48. LVS: Loadbalancing with unmodified realservers


The requirement to work with modified realservers is one of the differences between LVS and commercial realservers. LVS requires the following modifications -

  • LVS-NAT: default gw has to point to DIP
  • LVS-DR: requires non-arp'ing VIP; default gw cannot be DIP (easy to do)
  • LVS-Tun: requires VIP (which can arp); IPIP decapsulation; default gw cannot be DIP (easy)

In the commercial world, you initially have one server. Then later you want more reliability or throughput and decide you need a loadbalancer in front of several copies of the server. At this stage the configuration of the server is cast in stone by the bureaucrats. The only thing you're allowed to do is make multiple copies of the server (all with the same IP) and go find a loadbalance that will work with this setup. Flexible bureaucrats will allow a different IP on the different realservers, but this is the limit (you aren't allowed to change the default gw). Of course the people who set these requirements, have the money to make their wishes come true.

Alex Rousskov runs a Cacheoff PolyGraph (http://www.web-polygraph.org/) which tests loadbalancers. I wanted to enter an LVS director (he supplies the realservers). One of the requirements was that the realservers not be modified. This left us with LVS-NAT with a 2.0 or 2.2 kernel, which back then was a lot slower than LVS-DR. I didn't enter.

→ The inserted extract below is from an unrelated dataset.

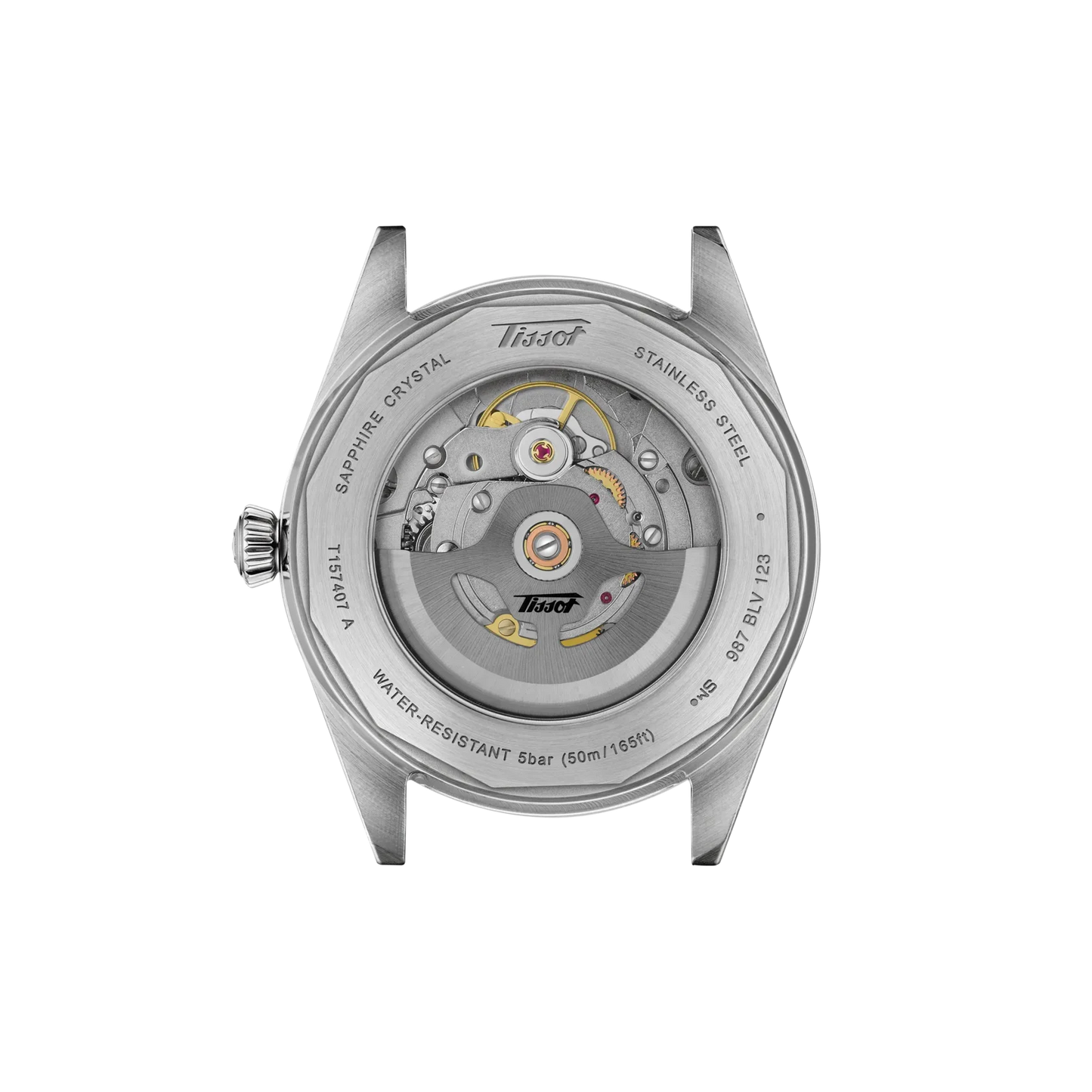 Tissot Visodate 39mm Automatic Mens Watch T157.407.11.041.00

This section discusses what (little) we know about commercial loadbalancers and what can be done to make LVS work with minimally modified realservers.

48.1. F5-SNAT

This is musings from the mailing list about a type of functionality we don't have in LVS.

Paulo F. Andrade pfca (at) mega (dot) ist (dot) utl (dot) pt 11 Jul 2006

What I want is the following:

  • for inbound connections I want packets with CIP->VIP translate to DIP->RIP
  • for outbound connections (the responses from the real servers) packets with RIP->DIP translate to VIP->CIP

LVS-NAT only does DNAT, meaning CIP->VIP changes to CIP->RIP and the response from RIP->CIP to VIP->CIP. The problem is that after LVS changes the VIP to RIP for inbound connections, it seems that packets don't traverse the POSTROUTING chain to get SNAT'ed. Is there a workaround for this?

Graeme Fowler graeme (at) graemef (dot) net

Surely what you're asking for is a proxy rather than a director?

malcolm lists (at) netpbx (dot) org 13 Jul 2006

I think this is what F5 calls SNAT mode (which confuses LVS people). It's really nifty and flexible and I don't see why it can't be done at layer 4 with LVS... But LVS would need to be moved to the Forward chain rather than the INPUT one. Pretty similar to LVS-NAT so not really a proxy (it's not looking at the packet contents) I think it would be a massive improvement.. I'd even consider sponsoring someone to do it?

F5 will also check the response of the real server and if it fails re-send the commands from the cache to another server... nice but definitely layer7 proxy stuff...

You want this because:

  • Doesn't require changes to the real servers. (not even the default gateway)
  • Works across subnets (and possibly WANs)

I think Kemp technologies have managed to do it with their LVS implementation... I get a lot of customers who have their real servers so locked down they can't modify them at all.

Malcolm Turnbull malcolm (at) loadbalancer (dot) org 4 Dec 2008

It would be nice if you could do full SNAT in LVS and even better transparent SNAT using tproxy (not sure if thats even possible at layer 4) (Joe: it isn't) ..... But thats a big ask for the developers... However Haproxy will easily fit your current requirements, have you looked at that?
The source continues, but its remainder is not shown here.